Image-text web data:
Start of Block

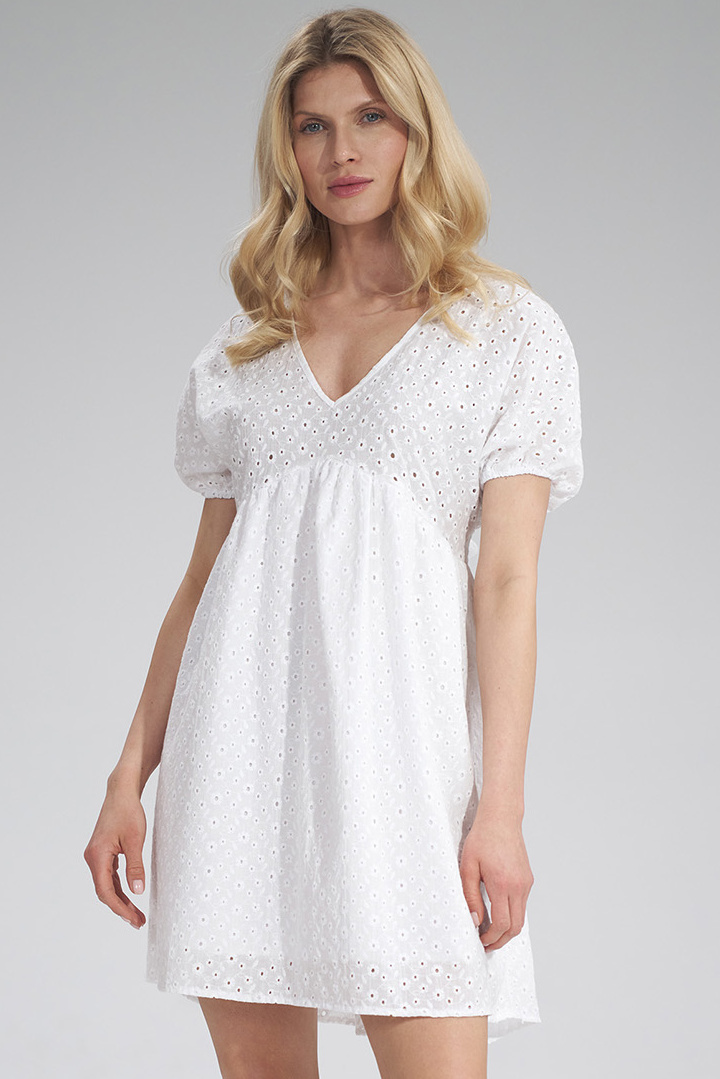 Letnia sukienka haftowana mini z krótkim rękawem dekolt V biała M763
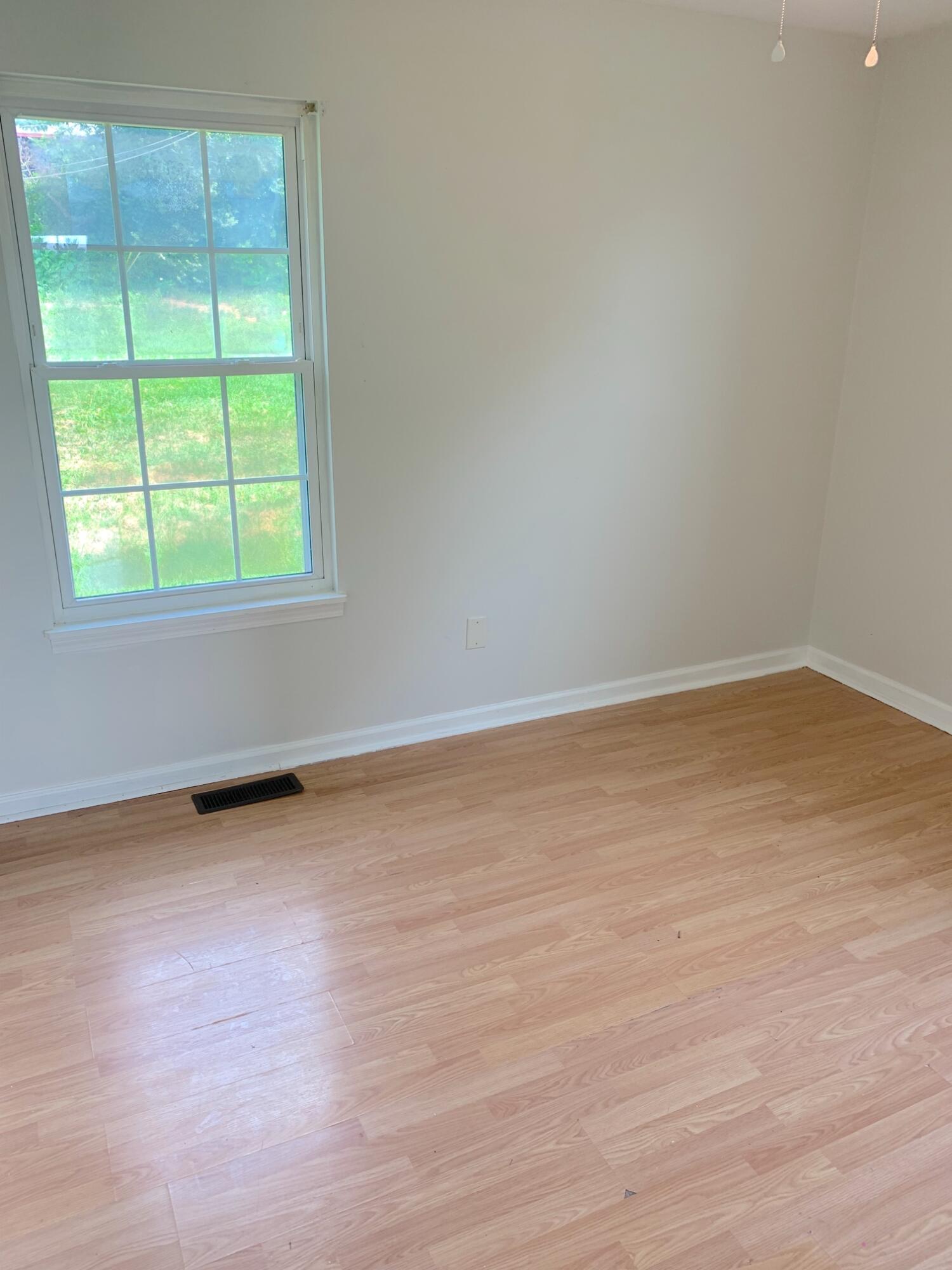 203 Static Road Paris, KY 40361 - Photo 14 of 20 Static 18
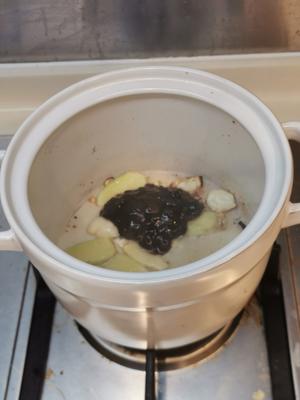 原汁原味炆牛腩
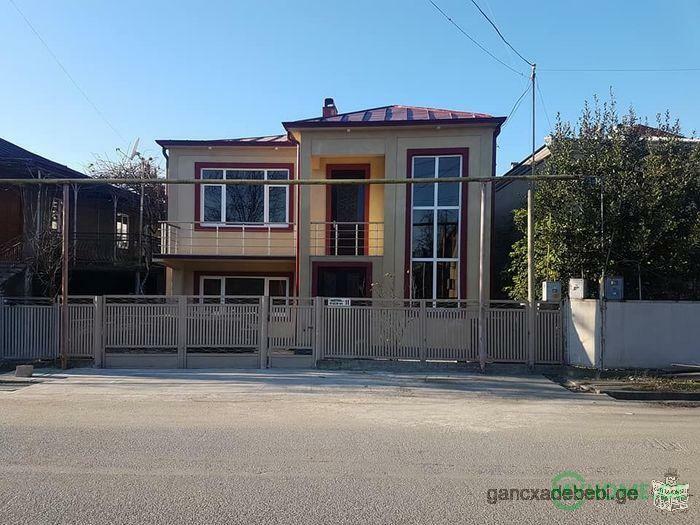 House for sale in Zugdidi, in the business zone, 140 000 USD equivalent in GEL.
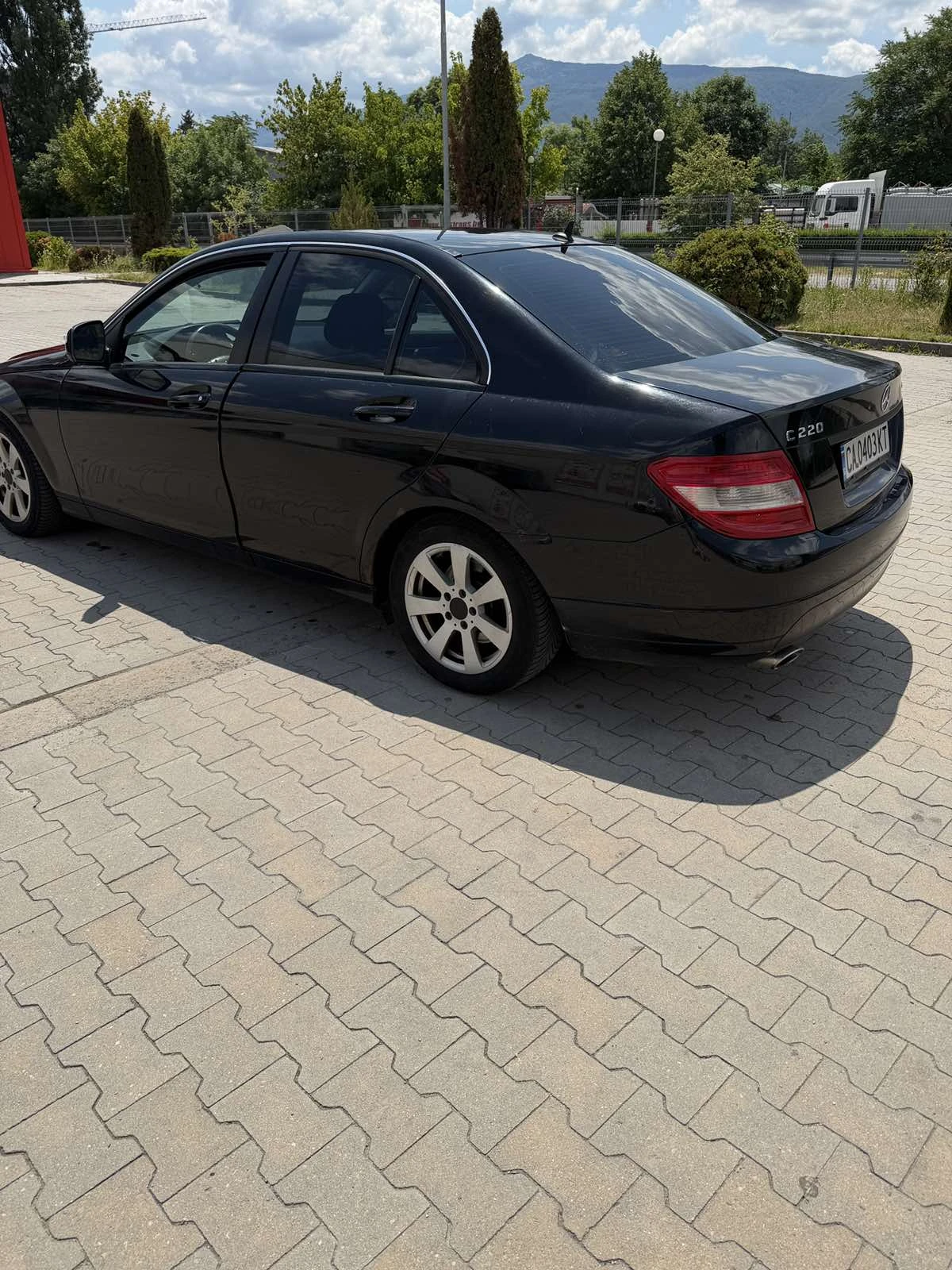 Mercedes-Benz C 220, снимка 2 - Автомобили и джипове - 55173347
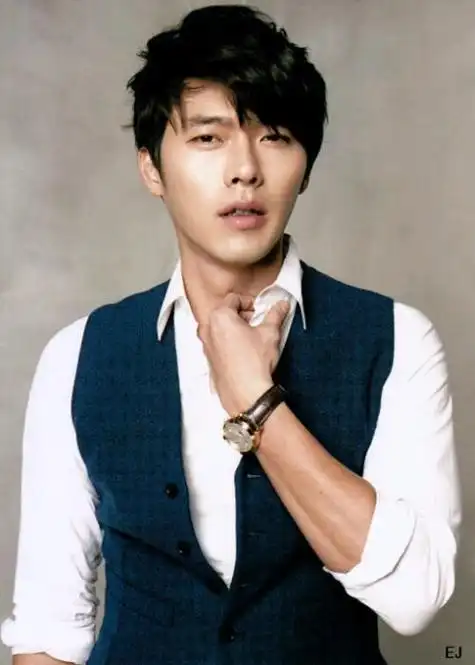 他的前女友是宋慧乔,大家都很熟悉了,因为太阳的后裔,那个女神,但是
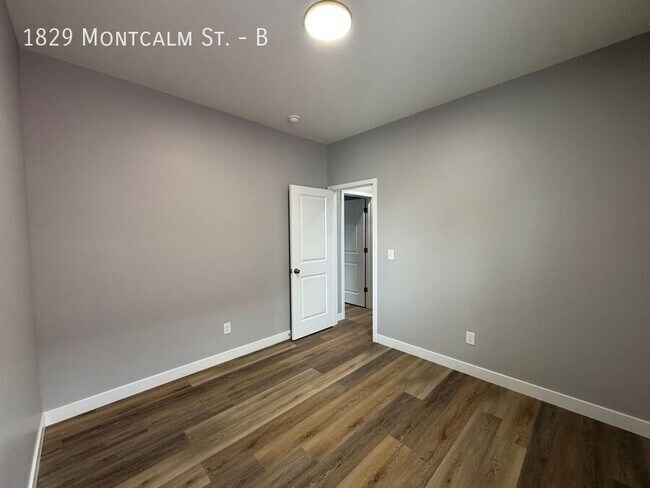 Building Photo - 1829 Montcalm St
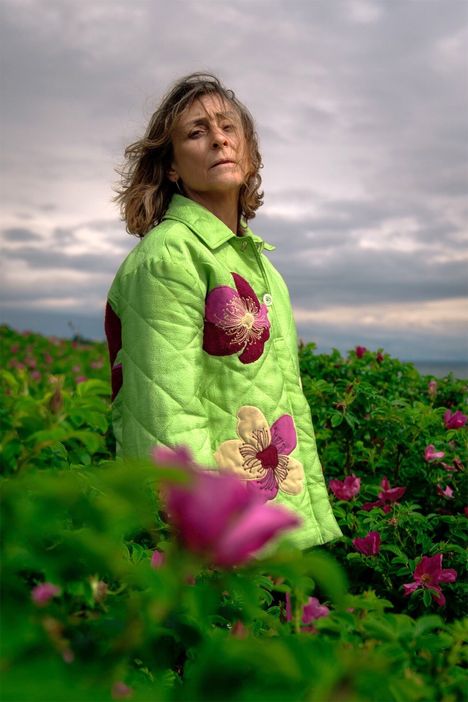 Lise Dam kertoo, että Sarah elää yhä hänessä. Päällään hänellä on tyttären vanha takki.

End of Block

What is expected
With the pictures left out, please output each line from the one containing "Mercedes-Benz C 220, снимка" through the end of the entries, exactly as it is.

Solution
 Mercedes-Benz C 220, снимка 2 - Автомобили и джипове - 55173347
 他的前女友是宋慧乔,大家都很熟悉了,因为太阳的后裔,那个女神,但是
 Building Photo - 1829 Montcalm St
 Lise Dam kertoo, että Sarah elää yhä hänessä. Päällään hänellä on tyttären vanha takki.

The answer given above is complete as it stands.